# Heresy Online Server Drive



## Jezlad (Oct 14, 2006)

Hey guys...remember when the site went down a few days ago? Notice how things are moving a little slower lately? Notice some of the features slowly disappearing? Turns out being so fantastically popular and jam-packed with amazing features is also expensive as fuck. We're about to get kicked the hell off of our current webhost for sucking too much bandwidth and making their servers crash. 

That's actually kind of awesome. We're growing like mad and we offer a lot of innovative features nobody else has. Only trouble is, we haven't got the cash on hand to buy us a dedicated server to run rampant upon. 

I'm not trying to sound like a whiny little miser or anything, but being this awesome costs money...money from my own Jezpockets. Those lovely ads, and our handful of loyal, dedicated, and much beloved supporters are paying the bills for now, but they don't bring in enough dough to jump ship for our own server.

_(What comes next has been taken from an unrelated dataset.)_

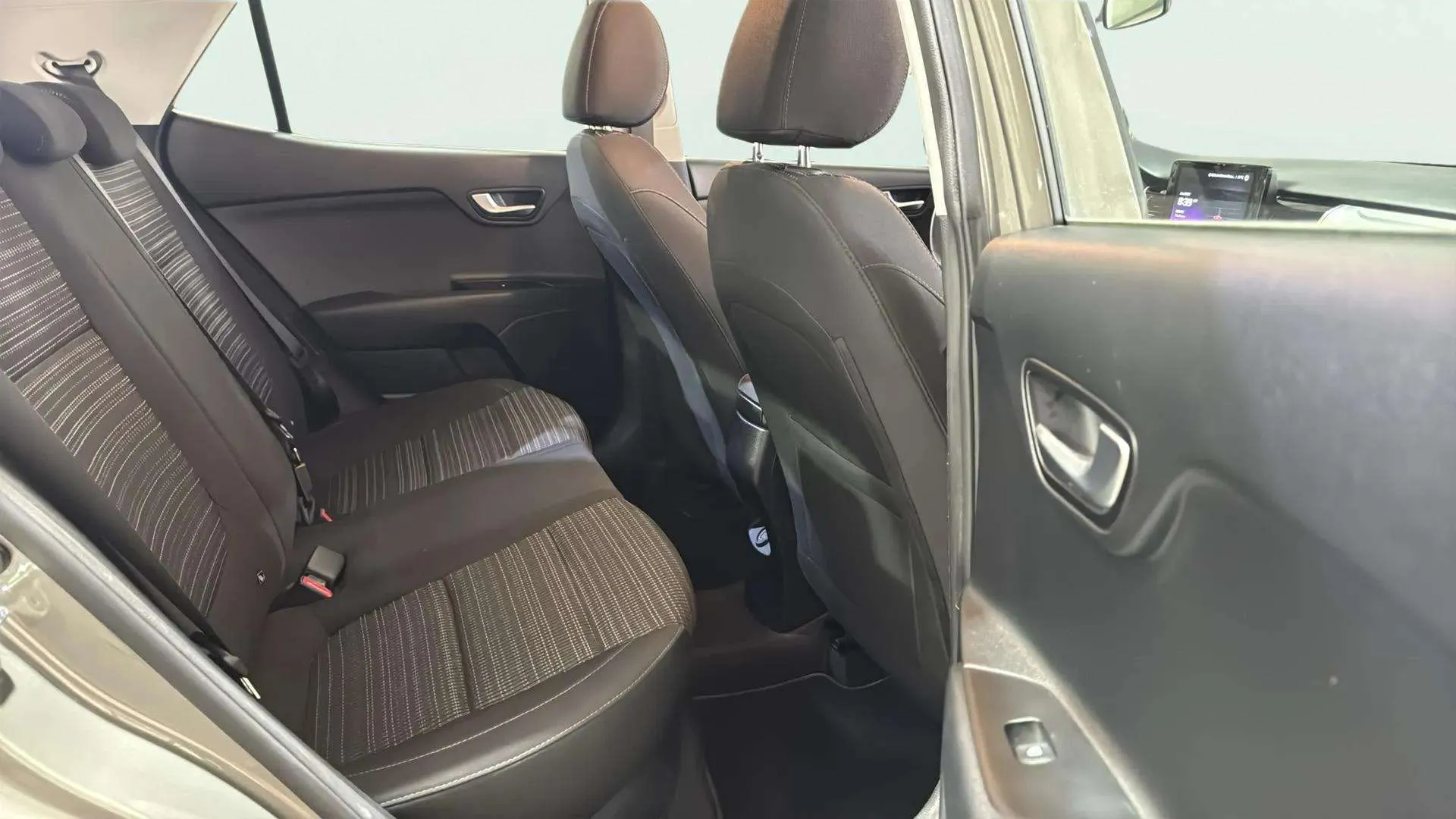 Kia Stonic 1.0 T-GDi MHEV iMT Drive - foto 22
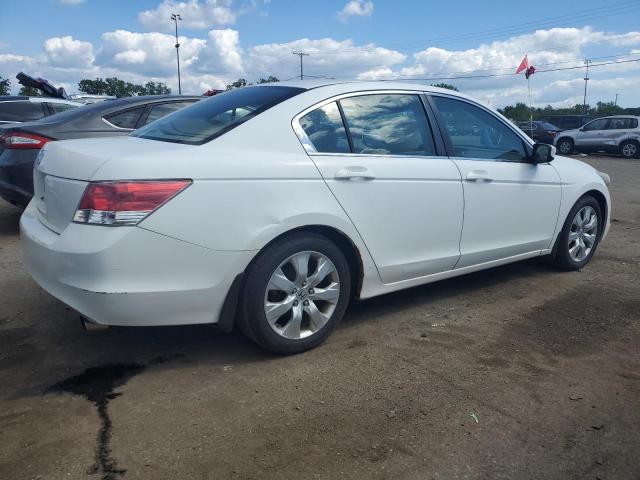 Photo 2 VIN: 1HGCP26768A125827 - HONDA ACCORD EX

In short, we need your help if you want to keep all the swanky shit like the shoutbox, pictures in sigs, custom avatars, the gallery, the arcade, etc., or get new fun stuff like multiple board themes, improvements to the chat and the like.

I'm not telling you to quit mooching and pay up, and I'm not trying to get rich off of your hard earned cash (trust me, there's easier ways to make money), I'm just saying that we're growing, very fast, and we need a little boost from anyone who's willing and able if we're to keep going at this rate.

*Support Heresy Online*​
http://www.heresy-online.net/forums/showthread.php?t=3575​


----------



## Galahad (Dec 21, 2006)

We're almost there! Just two more full year subscriptions!

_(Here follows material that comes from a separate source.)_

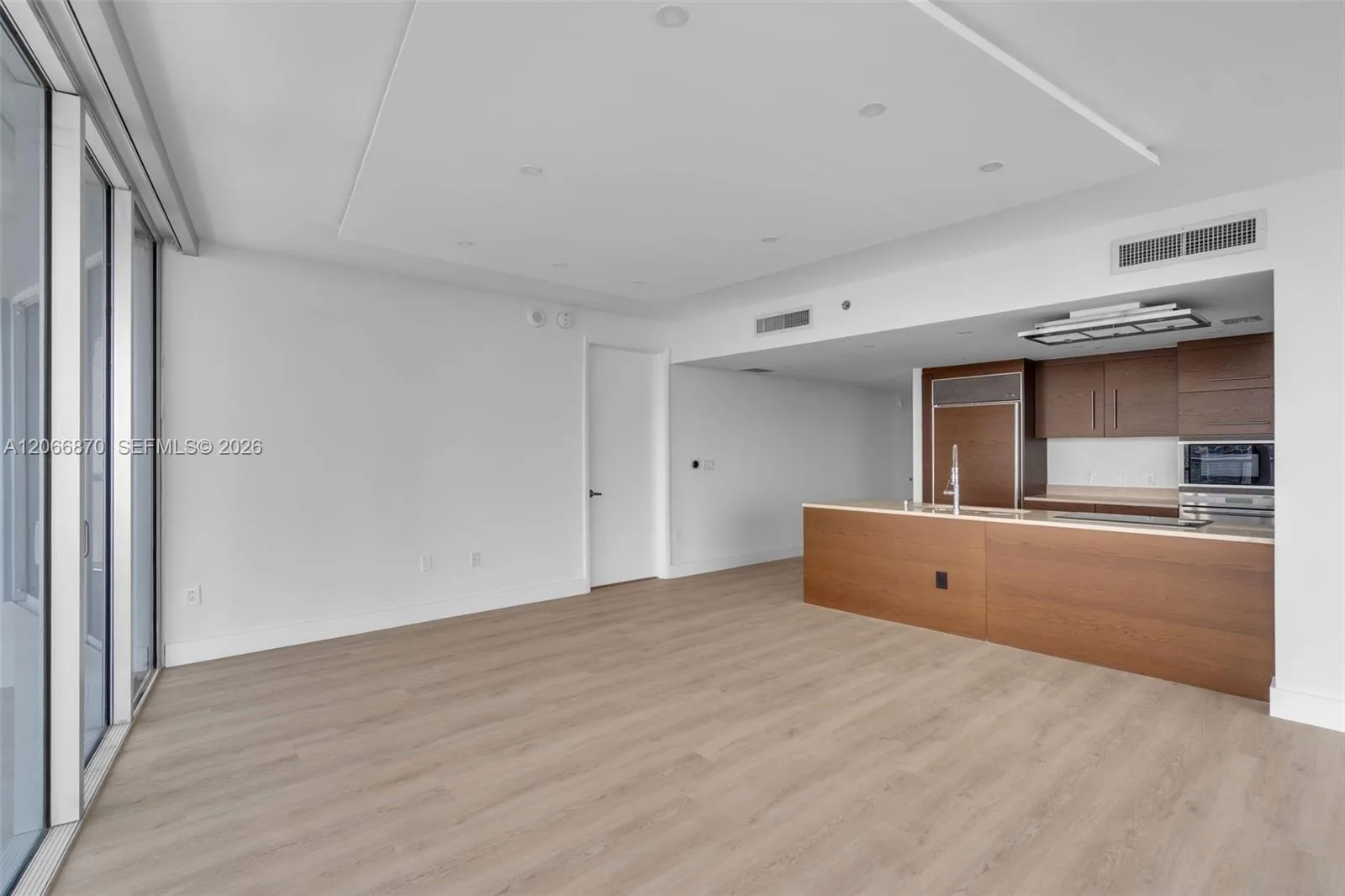 495 Brickell Ave # 3601, Miami, FL 33131 photo 11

Come on, guys, who's going to push us over the top?


----------



## Katie Drake (Nov 28, 2007)

Galahad said:


> We're almost there! Just two more full year subscriptions!
> 
> Come on, guys, who's going to push us over the top?


I've done one.


----------



## Galahad (Dec 21, 2006)

*Thank You!*

We did it, guys, we made our goal for the new server!

So as a thanks to all of you for your dedication and generosity, come to THIS THREAD and make a post. Any subscriber who posts (no matter when they subscribed) gets a bigass rep boost from yours truly.


----------



## Lemartes (Dec 16, 2007)

I made the last one needed.

Now give me Ale !


----------